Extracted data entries
══════════════════════════════
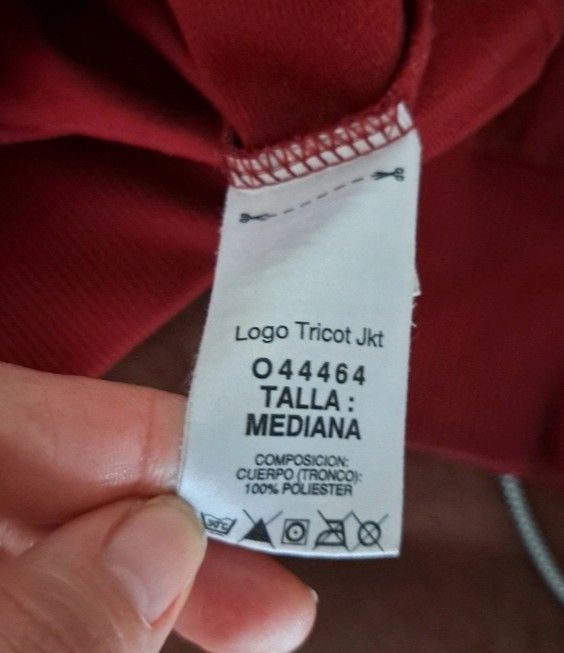 Sudadera Reebok roja y gris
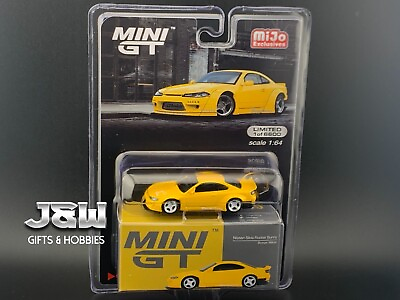 #ad Mini GT Nissan Silvia S15 Rocket Bunny Bronze Yellow MGT00643 1 64 $12.99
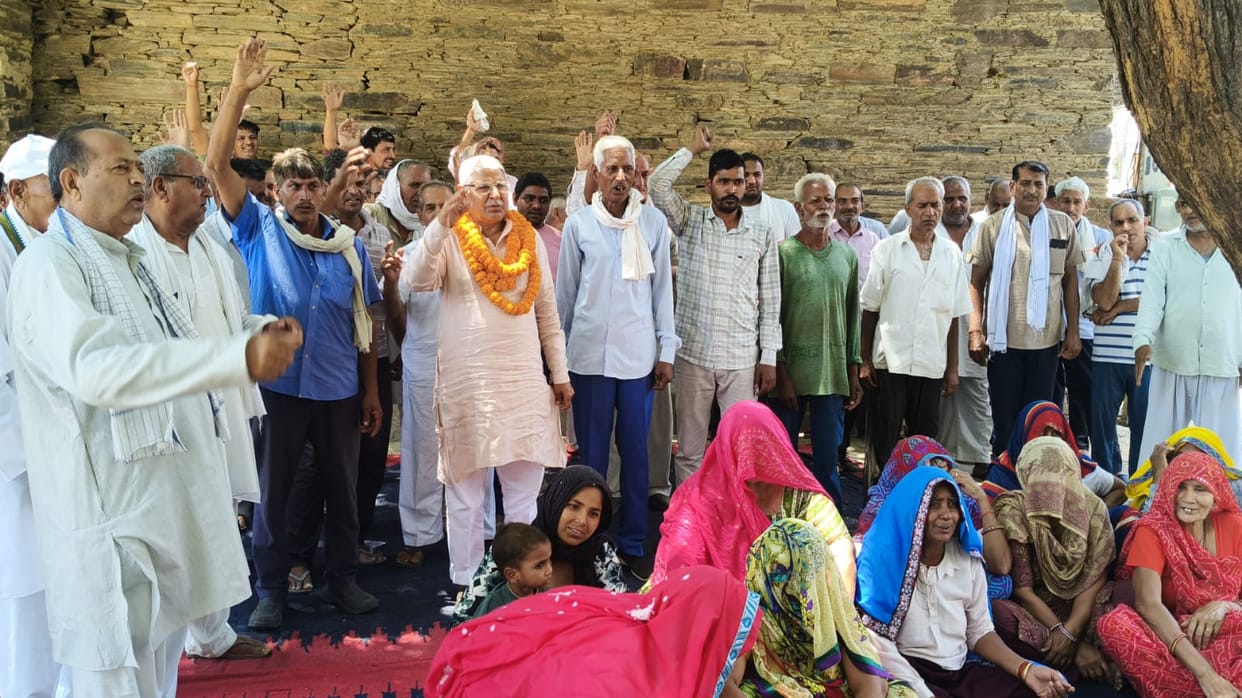 Villagers protested to make Ateli a sub-division.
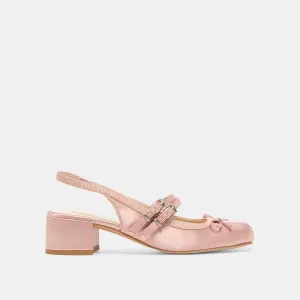 Durable Support LORIS HEELS BLUSH SATIN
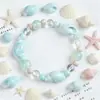 Pulseira de Cerâmica com Design Exclusivo, Sensação de Luxo, Doce e Versátil, Artística, Simples, Fresca, Pulseira da Série Oceano para Mulheres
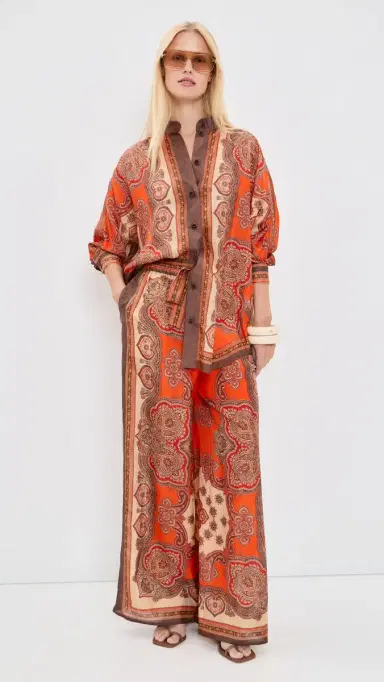 Zimmermann Silk Mahon Dolman Shirt Tangerine Paisley 2 | Thumbnail 5 Zimmermann Silk Mahon Dolman Shirt Tangerine Paisley 2 | Thumbnail 5
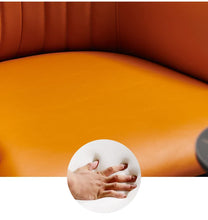 เก้าอี้รับประทานอาหารสำนักงาน วัสดุคุณภาพสูงสบายสีขาว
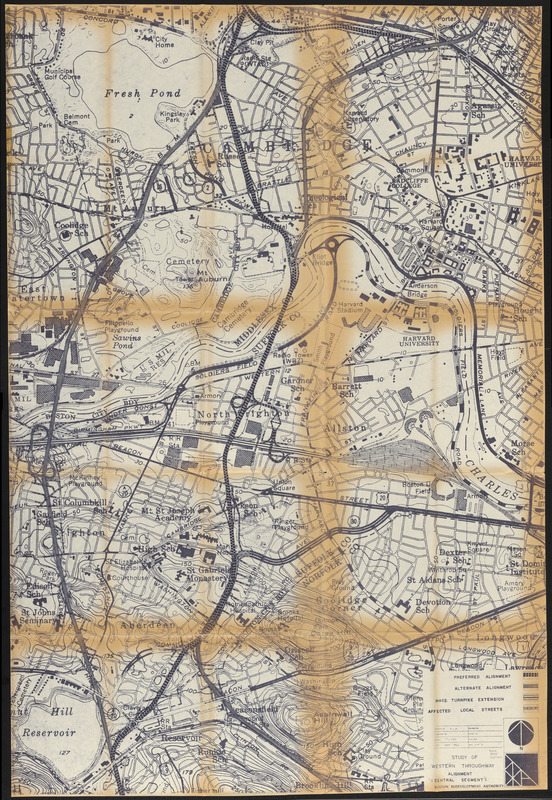 Report on the alternate master highway plan for the Boston metropolitan area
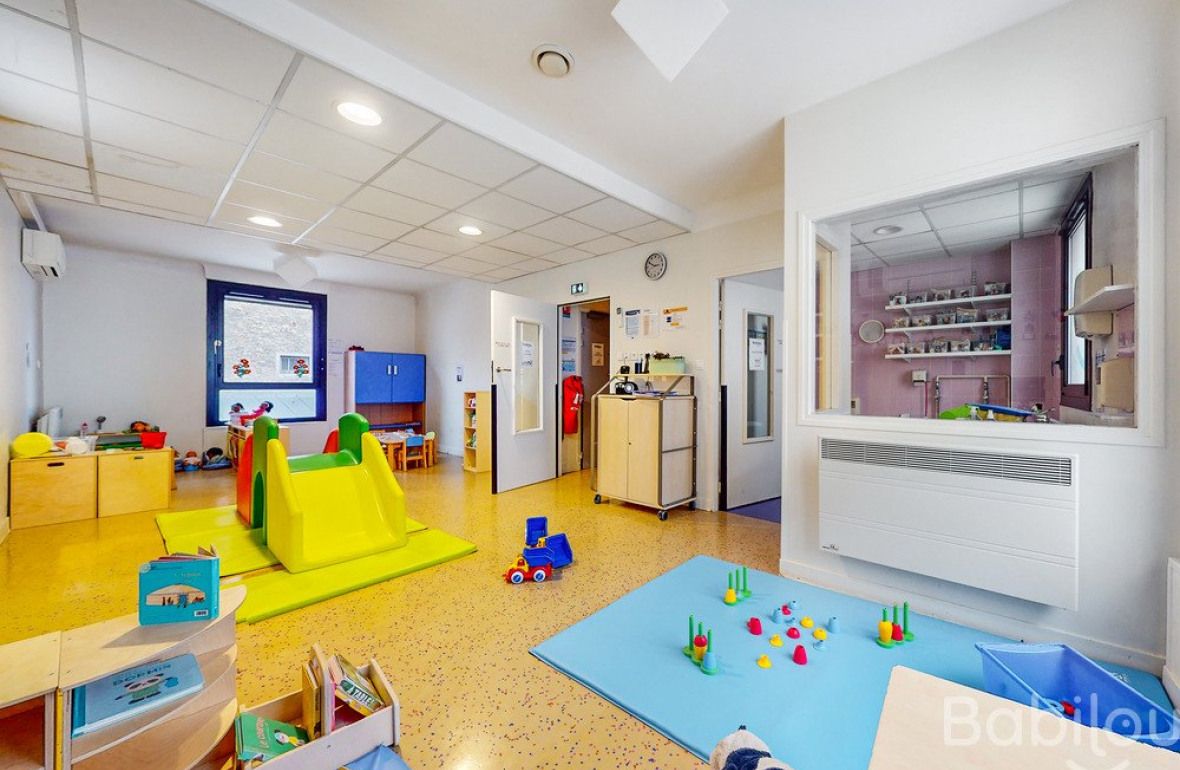 Espace de jeu en crèche Babilou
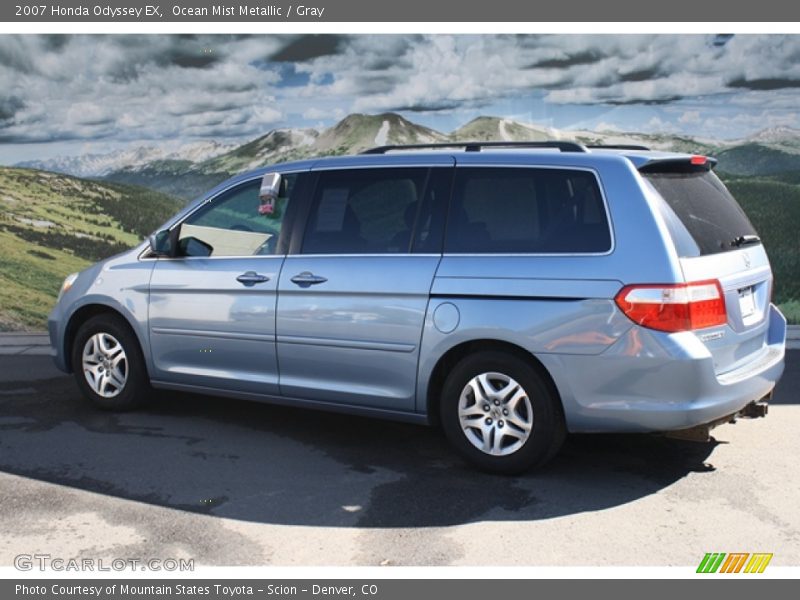Ocean Mist Metallic / Gray 2007 Honda Odyssey EX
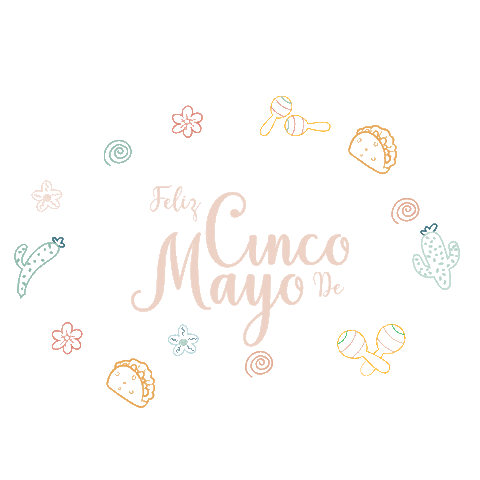 Celebrate Cinco De Mayo Sticker by Beauty by Earth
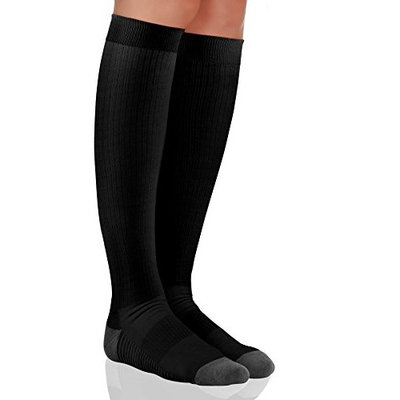 Compression Socks for Men and Women. Medical Graduated Compression 15-20 mmgh. Moderate Support Stockings, Great for Nurse, Pregnancy, Athletic, Running, Flight Travel, Shin Splint Recovery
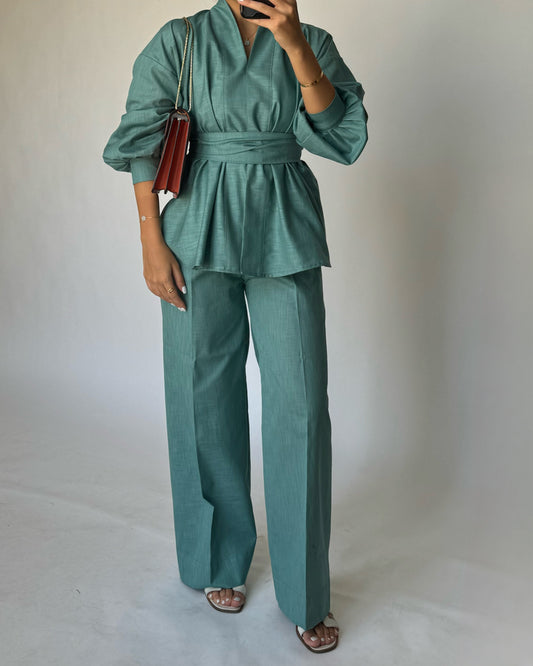 A193 - Blue Summer Linen Set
══════════════════════════════
> [PROBLEM STATEMENT]: Give back an exact reproduction of the entries, with all pictures excluded.

> [SOLUTION FOR THIS EXERCISE]:
 Sudadera Reebok roja y gris
 #ad Mini GT Nissan Silvia S15 Rocket Bunny Bronze Yellow MGT00643 1 64 $12.99
 Villagers protested to make Ateli a sub-division.
 Durable Support LORIS HEELS BLUSH SATIN
 Pulseira de Cerâmica com Design Exclusivo, Sensação de Luxo, Doce e Versátil, Artística, Simples, Fresca, Pulseira da Série Oceano para Mulheres
 Zimmermann Silk Mahon Dolman Shirt Tangerine Paisley 2 | Thumbnail 5 Zimmermann Silk Mahon Dolman Shirt Tangerine Paisley 2 | Thumbnail 5
 เก้าอี้รับประทานอาหารสำนักงาน วัสดุคุณภาพสูงสบายสีขาว
 Report on the alternate master highway plan for the Boston metropolitan area
 Espace de jeu en crèche Babilou
Ocean Mist Metallic / Gray 2007 Honda Odyssey EX
 Celebrate Cinco De Mayo Sticker by Beauty by Earth
 Compression Socks for Men and Women. Medical Graduated Compression 15-20 mmgh. Moderate Support Stockings, Great for Nurse, Pregnancy, Athletic, Running, Flight Travel, Shin Splint Recovery
 A193 - Blue Summer Linen Set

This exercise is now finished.